A Fool’s Utopia 11.22.12: The Sixtrh Annual Guide to Thanksgiving TV
I have a few column set in stone – my TV previews in July, RETRO Halloween and this one, Your Guide to TV on Thanksgiving. I would say it’s my easiest column of the year, but that’s not exactly true. It is nice to already have a topic ready to go. This is my sixth Turkey Day at 411mania and for the most part they’ve been good ones. I hope your Thanksgiving is full of tryptophan and football. I know mine will be.
Thanksgiving is one of a few days of the year where it’s okay to sit on your couch all day and feel yourself getting fatter. You’ll burn those extra pounds off over the weekend with your Black Friday shopping. Right? While you’re living it up and carb-loading for the marathon weekend, here’s a guide to what you should be watching on TV. If you follow it to a tee, you will be perfectly entertained for an entire day and will be my personal hero.
9:00 AM – NOON
Macy’s Thanksgiving Parade, NBC or CBS
I’m not saying you have to get up before 9 AM to catch the whole thing. DVR it if you wish, but you don’t need to be present for the entire three hours to get full credit. Hey, you have to get up early for work more often than not. It’s the holidays – sleep in! When you do get up, however, the Thanksgiving Day Parade is the only acceptable television watching at this time. You don’t have to pay full attention, but it should be on your TV. I know I’ve said this six years in a row now, but I’ll say it as long as this column exists – the parade is a snapshot of pop culture at that particular time. It’s also a great start to the season. I usually watch the NBC version, but both versions are going to give you giant Garfields and show tunes.
12:00 PM – 12:30 PM
I Love Lucy, TVLAND
Like with any other holiday, there are a ton of marathons on Thanksgiving Day. As time filler, you can’t do any better than Lucy. Having Adam Richman tell me about good sandwiches just doesn’t cry Thanksgiving to me like Lucy does. We’re in luck; this is the episode where Lucy gets attacked by a giant loaf of bread. True story.
12:30 PM – 3:30 PM
NFL Football: Houston Texans vs. Detroit Lions, CBS
A couple of weeks ago, this looked like a mismatch that you could turn away from after the first quarter. It still looks like a mismatch on paper, but after last Sunday, you just never know. If it turns into too much of a blowout, you can always fall back on Lucy or the Roseanne marathon on CMT. The Lions have been disappointing this season to their fans and anyone who kept Matt Stafford in a keeper league and was banking on him having another good season in order to be competitive, but are now 4-7 mostly because of Stafford’s ineptitude.

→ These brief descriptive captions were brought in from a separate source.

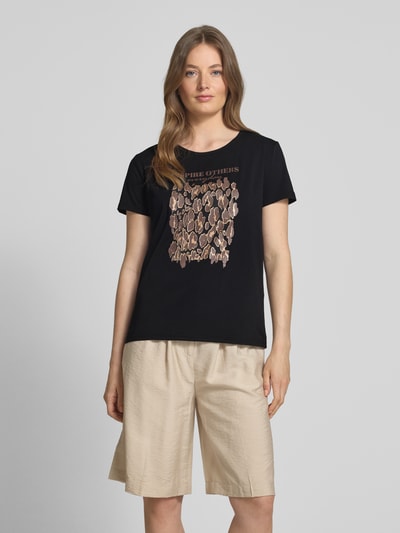 Soyaconcept T-shirt met statementprint, model 'RINA' Zwart - 4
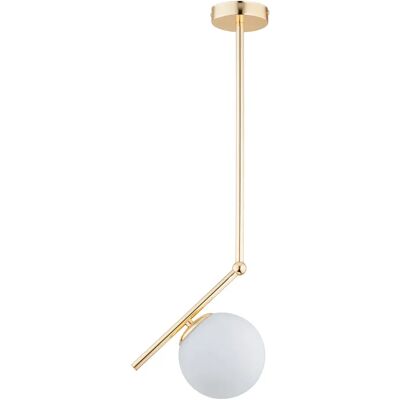 Alfa Suspension minimaliste laiton boule verre blanc E14 10W - Publicité Alfa Suspension minimaliste laiton boule verre blanc E14 10W - Publicité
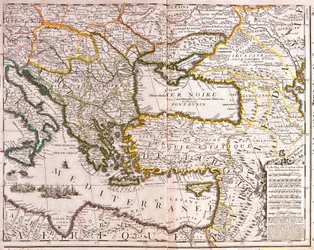 Mapa del Mediterráneo Oriental y países del Mar Negro, Turquía y las provincias de Asia Menor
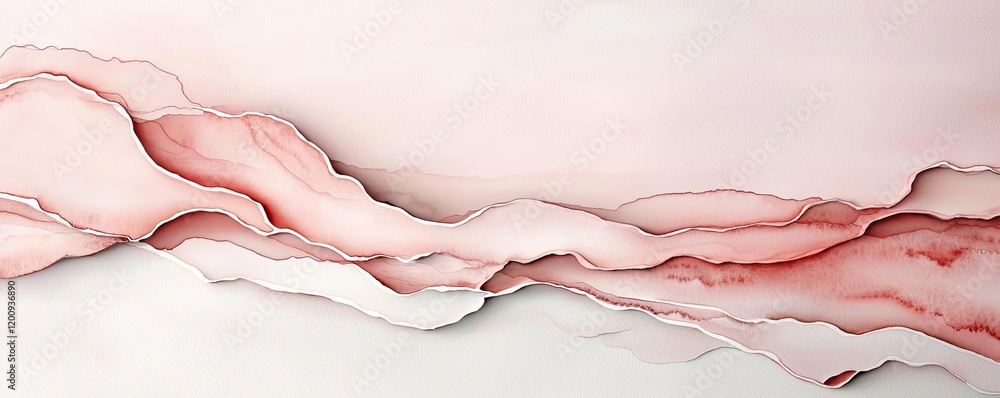 Poster light pink watercolor idea. an abstract painting featuring soft pink and white waves flowing seamles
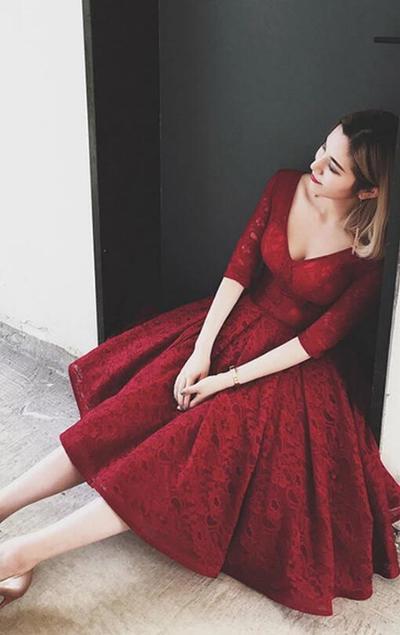 Beauty Half Sleeves V Neck Burgundy Lace Short Prom Dress,Homecoming Dress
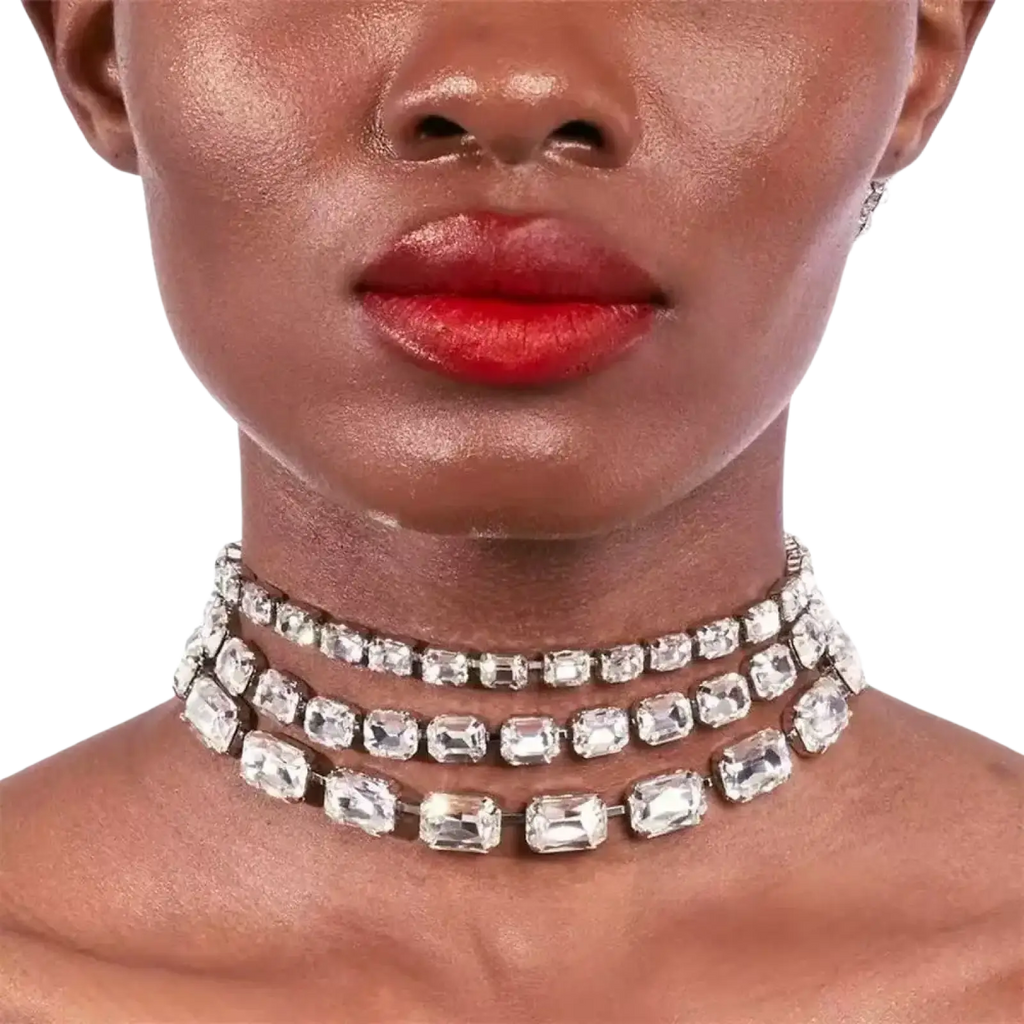 A crystal statement choker necklace for women featuring clear rectangular crystals on a silver-toned multi-strand frame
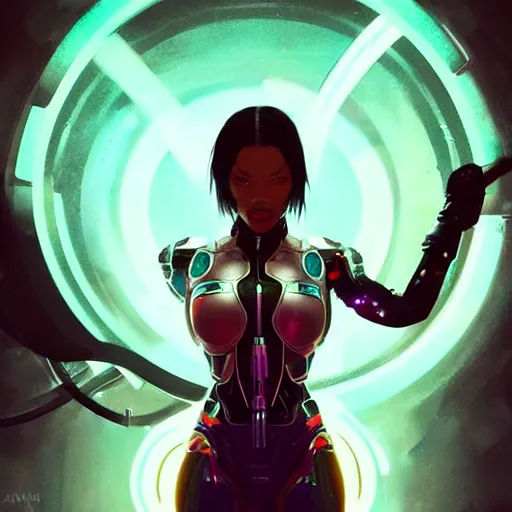 Prompt: cyborg Normani as aeon flux profile picture by Greg Rutkowski, dynamic pose, dreamlike, neon lights, intricate, futuristic, fantasy, elegant, by Stanley Artgerm Lau, greg rutkowski, thomas kindkade, alphonse mucha, loish, norman Rockwell,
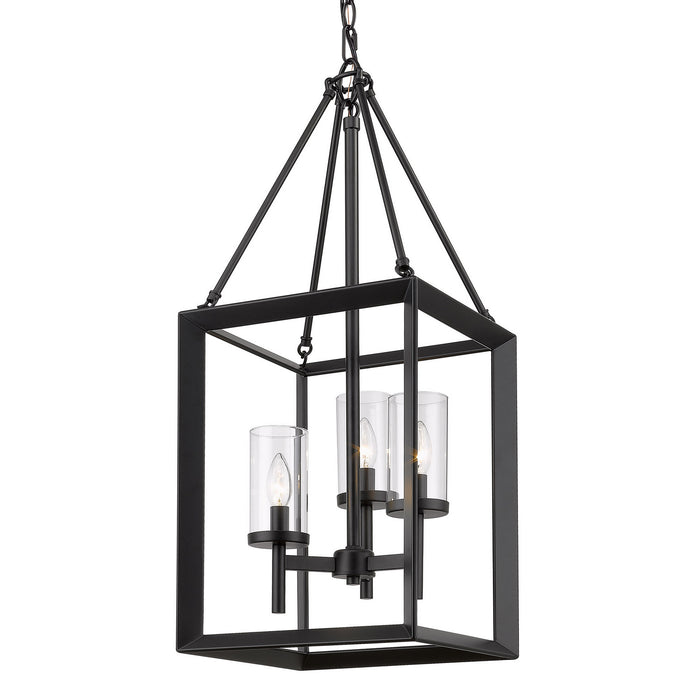 Golden 2073-3P BLK-CLR Three Light Pendant, Matte Black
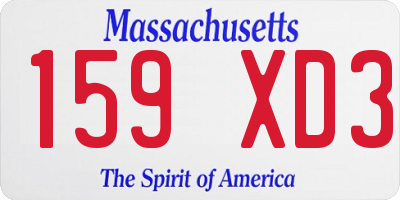 MA license plate 159XD3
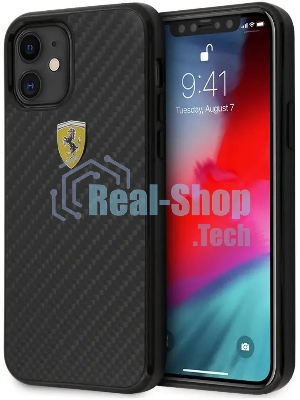 Чехол (клип-кейс) для Apple iPhone 12 mini Ferrari черный (FERCAHCP12SBK)
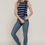 Thumbnail: Sleeveless Diagonal Shape Stripe Spring Sweater         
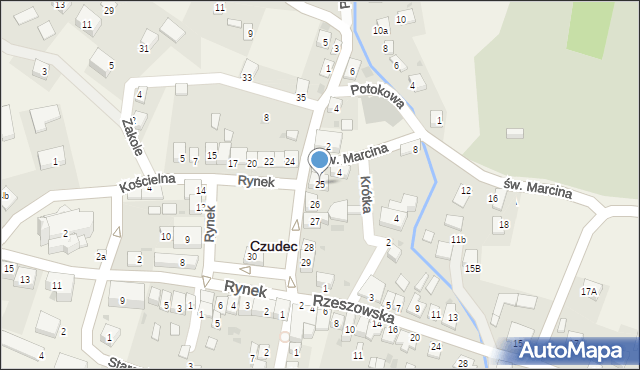 Czudec, Rynek, 25, mapa Czudec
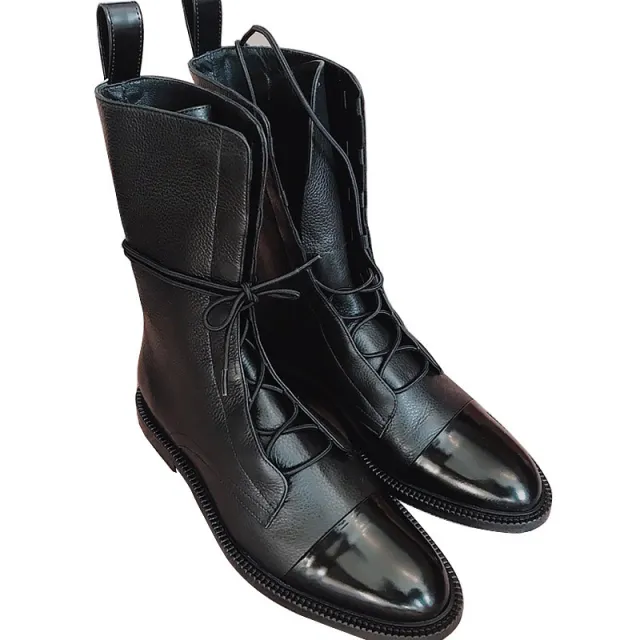 Rough Low Heeled Handsome Motorcycle Martin Boots Black - Shop at LoveMi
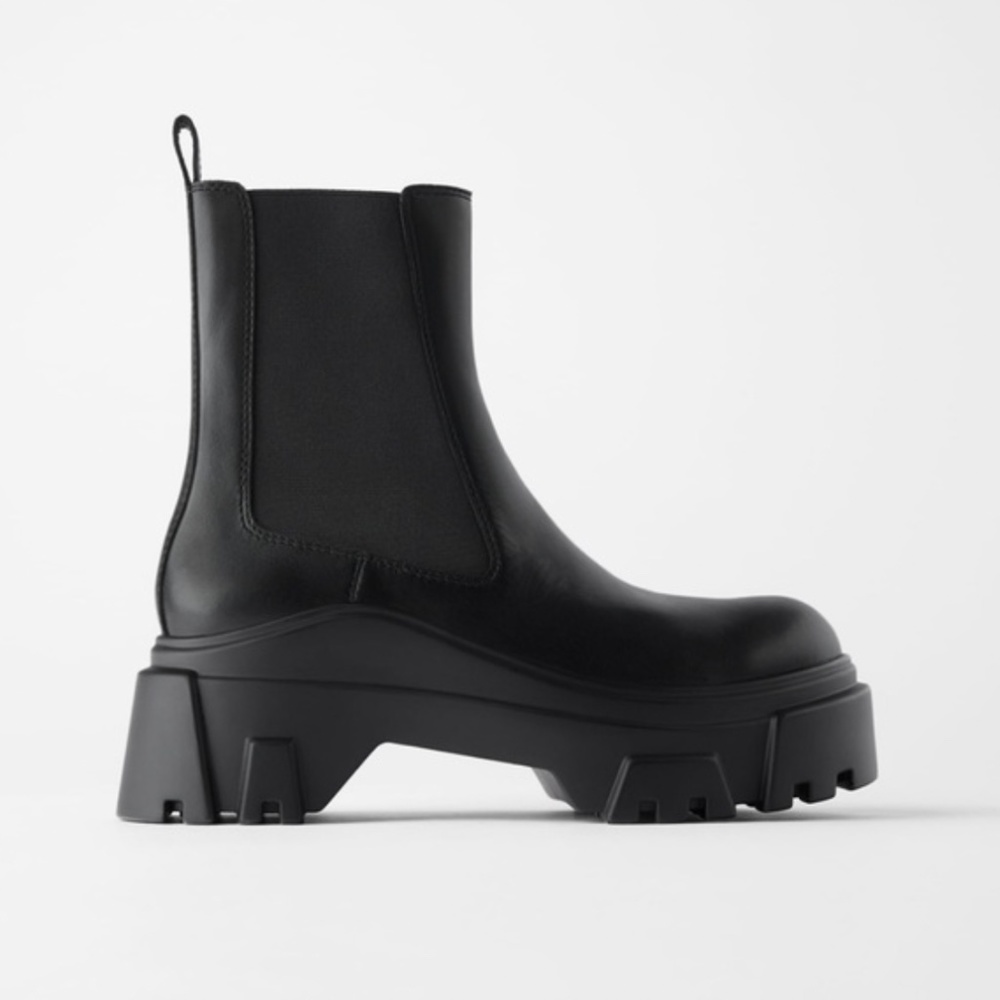 Zara Leather Ankle Boots with Lug Sole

The Texans should roll, but they look like they want to give away a game. As disappointing as the Lions have been, they are not the Jaguars and would gladly take a game if the Texans want to give it up.
3:30 PM – 4:30 PM
The Godfather, Part II, AMC
It’s seems odd to say that such a violent film has become a Thanksgiving staple, but AMC has ran a Godfather marathon for a few years now, so it’s become another Thanksgiving comfort food. Chances are you are eating during this timeframe because of some unwritten rule that says Thanksgiving “dinner” needs to be 3-4 hours earlier than your regular dinner just to screw up your digestive system. You have an hour to kill before the next football game. Why not spend it with one of the greatest films of all time?
4:30 PM – 7:00 PM
NFL Football: Washington Redskins at the Dallas Cowboys, FOX
The Cowboys and Lions are Thanksgiving traditions. However, you should tune into this game just to see rookie phenom, RGIII or as one of my favorite porn stars, Courtney Cummz, calls him “Bobby Three Sticks.” He promises to be entertaining even against a good defensive backfield. Some interesting Thanksgiving facts: Dallas is 6-0 against Washington on Turkey Day. Tony Romo is 5-0 on Thanksgiving as a starter. Dallas is far from a lock, but those stats were enough for me to pick them in my Pick Em pool.
7:00 PM – 8:00 PM
Punkin Chunkin, SCIENCE
By all means, if the Dallas/Washington game is closer than I think it will be, you should be watching that. If it’s a foregone conclusion, seek out the Science Channel and watch guys come up with new and inventive ways to shoot pumpkins out of homemade cannons. It’s a symbolic ending of Autumn and an embracing of the upcoming holiday season.
8:00 PM – 9:00 PM
Charlie Brown Thanksgiving, ABC
This is a must watch every Thanksgiving. Unfortunately, ABC is dead set on running it as an hour special tossing This Is America, Charlie Brown: The Mayflower Voyagers on the backend of the hour. If you have the Garfield Holiday DVD like I do, feel free to pop in the Garfield Thanksgiving special after Charlie Brown Thanksgiving at 8:30. Otherwise, you should watch The Mayflower Voyagers just to see how terrible it is. It’s like The Star Wars Holiday Special – everyone should watch it once. This may be your last chance to see this special before Disney buys all the rights to Peanuts. It’s coming. You know it is.
9:00 PM – YOU FALL ASLEEP
Sunday Night Football: New England Patriots at New York Jets, NBC
I can’t suggest you watch the much hated Patriots without taking a hit to my soul. However, by the time you get to this game, it will be all but over. At this point in time, you’ve went back for seconds and maybe thirds so you’re on the verge of a food coma anyways. Might as well have football on in the background as blissful sleep smacks you in the face. Sleep can be a bitch when she wants to. Football is as much a part of Thanksgiving as the parade and Charlie Brown at this point, so why not? This will be the most lopsided game of the day. You won’t feel like you’re missing anything if you fall asleep. Go ahead. Do it. I’ll be back to tell you what to watch next year.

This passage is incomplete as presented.